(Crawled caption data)

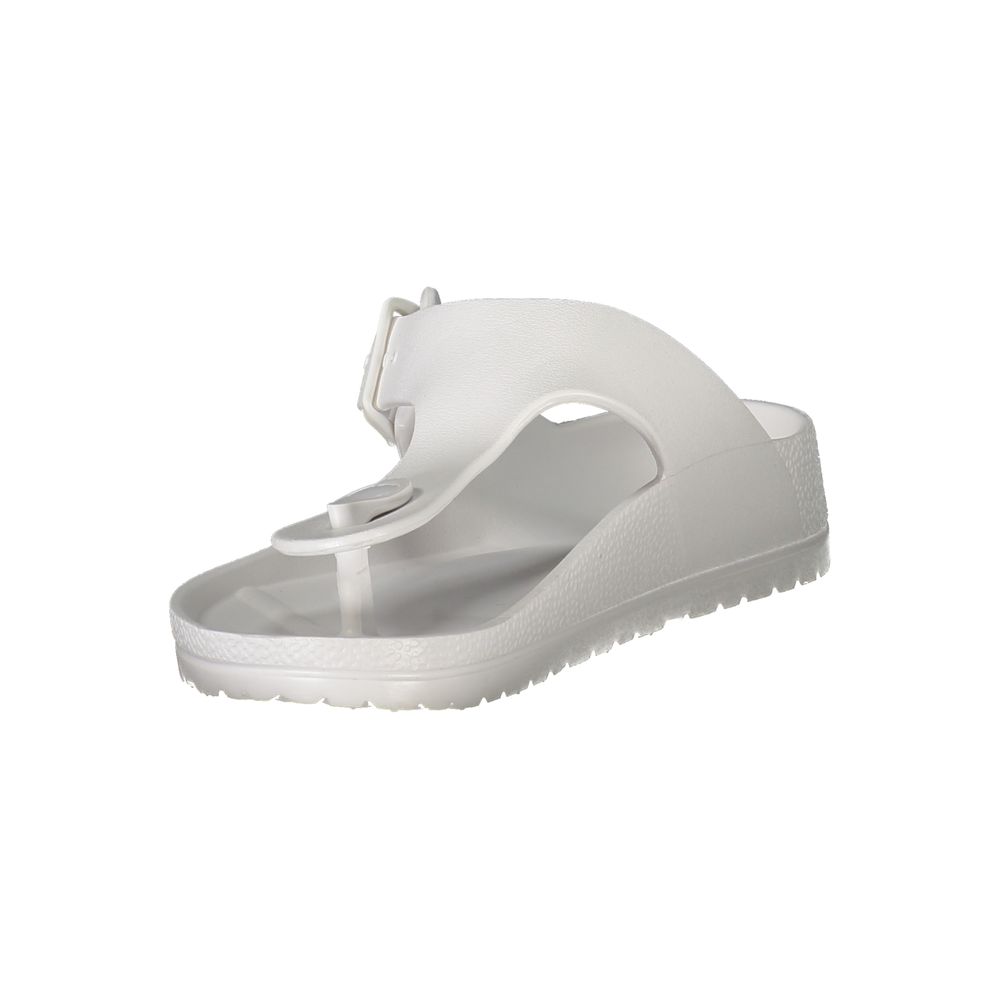Norway 1963 White Plastic Women Ciabatta - Luxe Nova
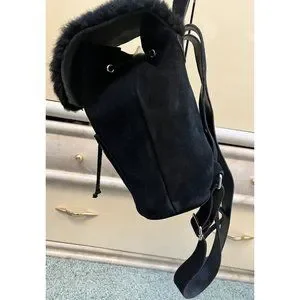 UGG | Bags | Vintage Ugg Nordie Shearling Suede Black Mini  display picture 1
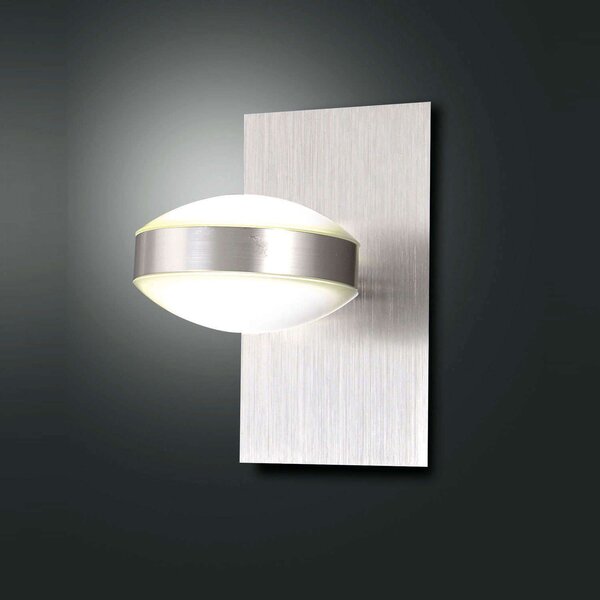 Φωτιστικό Τοίχου - Απλίκα Led Mill 3253-21-178 Nickel Fabas Luce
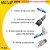 10 Conector Rj45 Cat7 Blindado Tool-less 10 Gigabit Ethernet - Imagem 5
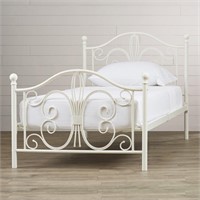TWIN METAL WHITE BOMBAY BED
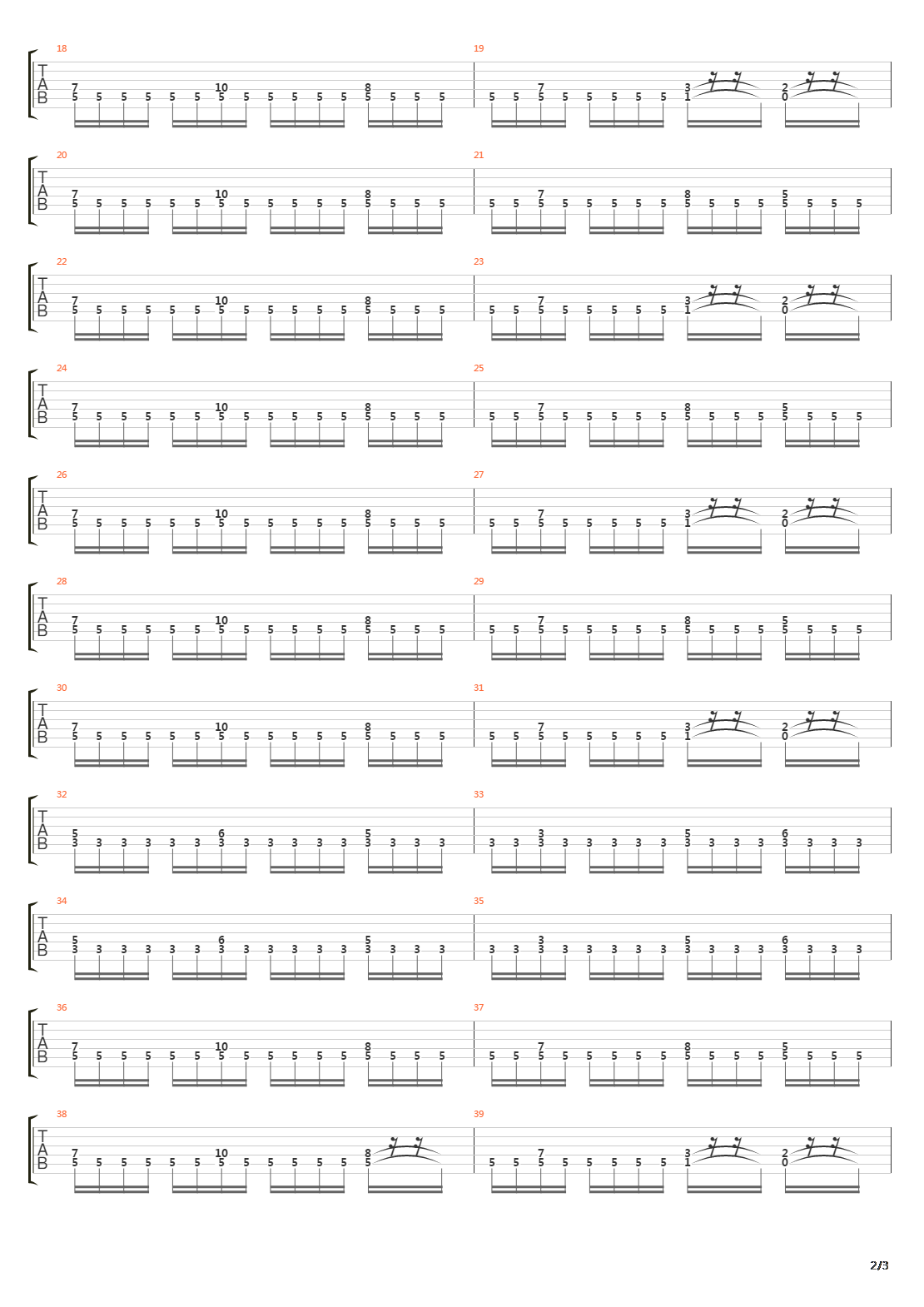 The Metal Age吉他谱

Instructions for the task
Every entry above needs to be copied exactly, and no pictures go with it.

Answer to this exercise
Norway 1963 White Plastic Women Ciabatta - Luxe Nova
 UGG | Bags | Vintage Ugg Nordie Shearling Suede Black Mini  display picture 1
 Φωτιστικό Τοίχου - Απλίκα Led Mill 3253-21-178 Nickel Fabas Luce
 10 Conector Rj45 Cat7 Blindado Tool-less 10 Gigabit Ethernet - Imagem 5
TWIN METAL WHITE BOMBAY BED
 The Metal Age吉他谱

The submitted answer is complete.